= Gerry Kearby =

American entrepreneur

Gerald "Gerry" Kearby (June 22, 1947 – August 6, 2012) was an entrepreneur who rose to prominence during the "dot-com" boom of the late 1990s. He worked predominantly with music and audio-related electronics and software companies.

He was co-founder, CEO and president of Liquid Audio, Inc. In that position, he testified before the US Congress regarding digital music distribution. At Liquid Audio he also drove development of digital audio watermarking technology since acquired and used by Microsoft. At its peak, Liquid Audio had a market capitalization close to $1 billion.

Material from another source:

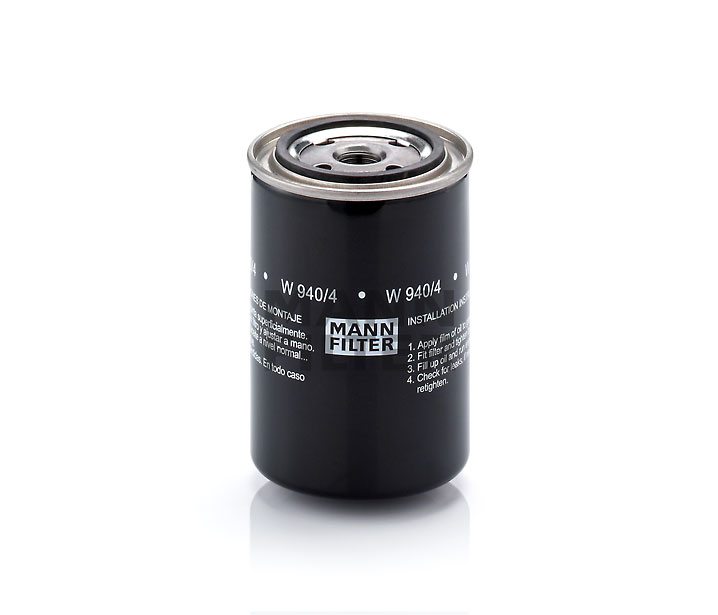 OEM 8990499 MANN-FILTER  Ölfilter W 940/4 für FORD, FIAT, NISSAN, CHRYSLER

Prior to Liquid Audio, Kearby was co-founder and chief executive officer of Integrated Media Systems, a manufacturer of computer-based professional audio equipment from June 1995 to December 1995. From January 1989 until June 1995, Mr. Kearby served as vice president of sales and marketing at Studer Editech Corporation, a professional audio recording division of the Studer company. Kearby created some of the earliest versions of digital audio workstation product families working with many colleagues.
Gerry served in the United States Marine Corps as percussionist for their premier ceremonial unit, "The Commandant's Own" in Washington, D.C., between 1967 and 1968.

Kearby died on August 6, 2012, in Pescadero, California.